There are some obvious problems with this sort of human rights legislation. One aspect is historical: to what extent, if any, does human rights legislation form part of the English legal tradition? England does have a Bill of Rights, but we have no written constitution.
Again, on what basis do universal human rights rest? This question has been put by the great Alasdair MacIntyre, and has never, to my knowledge, been satisfactorily answered. How was it, MacIntyre asks, that no one ever really spoke about universal human rights before the Enlightenment? Do our judges who make these extraordinary decisions seriously wish to claim that the right to a family life is some sort of inalienable, intrinsic, or even God-given, human right, with which the state has no authority to interfere?
But what is most clear about these cases is the way lawyers have used legal procedure effectively to prevent justice being done. A piece of legislation which may never have been intended for use in this way is providing an escape hatch for criminals. These men ought to be deported. As foreigners, they are in Britain as a privilege not of right; if the state wishes to deport them, then the state ought to be free to do so. If you come into my house, with my permission, I am free to revoke that permission as and when I please; no one would dream of criticising my decision to throw you out if your behaviour was not to my liking.
As for the paltry excuse of a right to a family life: do the inmates of our prisons have a right to a family life? Of course they do! But they have temporarily lost it for the duration of their sentence. If the right to a family life were inalienable and inviolable, then no one would ever be imprisoned.
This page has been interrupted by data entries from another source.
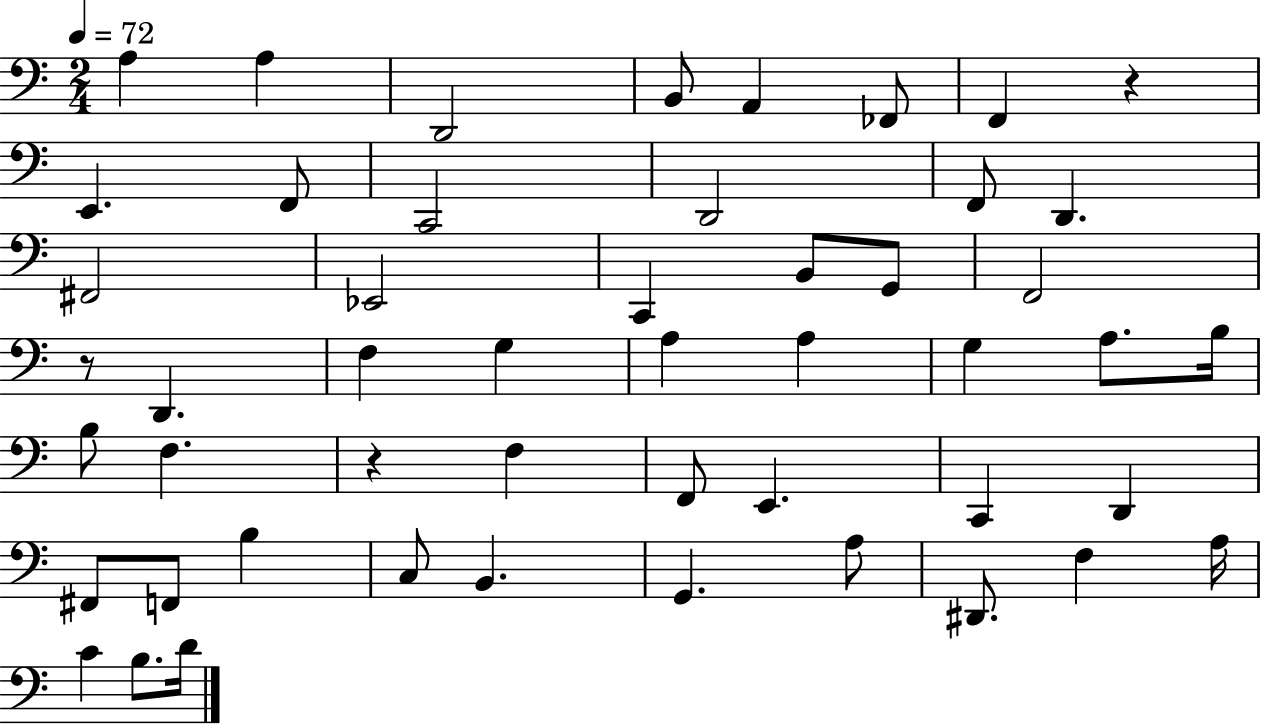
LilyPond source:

{
  \clef bass
  \numericTimeSignature
  \time 2/4
  \key c \major
  \tempo 4 = 72
  a4 a4 | d,2 | b,8 a,4 fes,8 | f,4 r4 | \break e,4. f,8 | c,2 | d,2 | f,8 d,4. | \break fis,2 | ees,2 | c,4 b,8 g,8 | f,2 | \break r8 d,4. | f4 g4 | a4 a4 | g4 a8. b16 | \break b8 f4. | r4 f4 | f,8 e,4. | c,4 d,4 | \break fis,8 f,8 b4 | c8 b,4. | g,4. a8 | dis,8. f4 a16 | \break c'4 b8. d'16 | \bar "|."
}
In the end, this is really a question of which model of justice you wish to use – a question tackled in MacIntyre’s excellent book Whose Justice? Which Rationality?
Should justice be a matter of interpreting the law, a purely neutral procedure? Or should justice be a matter of rewarding desert, giving to each his or her own, giving to each what he or she deserves? If our judges believed in justice as desert, these criminals would have been sent home long ago, and invited to pursue family life in the countries of their birth, on the simple grounds that their anti-social behaviour means that they do not deserve to live here. But – and here is the hitch for our secularised and value-light or even value-free society – justice as desert depends on having some shared vision of what good human behaviour should be.
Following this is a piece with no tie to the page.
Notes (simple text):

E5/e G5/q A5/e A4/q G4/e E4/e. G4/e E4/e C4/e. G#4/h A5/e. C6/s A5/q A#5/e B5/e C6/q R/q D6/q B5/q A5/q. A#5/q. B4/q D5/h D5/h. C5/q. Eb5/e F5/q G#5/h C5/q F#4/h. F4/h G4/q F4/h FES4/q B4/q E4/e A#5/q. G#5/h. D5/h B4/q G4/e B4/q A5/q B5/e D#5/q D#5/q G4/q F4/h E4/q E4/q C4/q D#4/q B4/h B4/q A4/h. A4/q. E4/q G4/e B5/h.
This difference between justice as the result of some neutral procedure, where the procedure itself will somehow guarantee justice, and justice as the rewarding of desert, what the philosopher John Rawls calls the difference between the right and the good, is hugely important. Rawls himself believed that the right and the good would coincide, but only if the procedure were the correct one. The current procedure in interpreting the Human Rights Act, which produces such wrong results, clearly needs to be changed.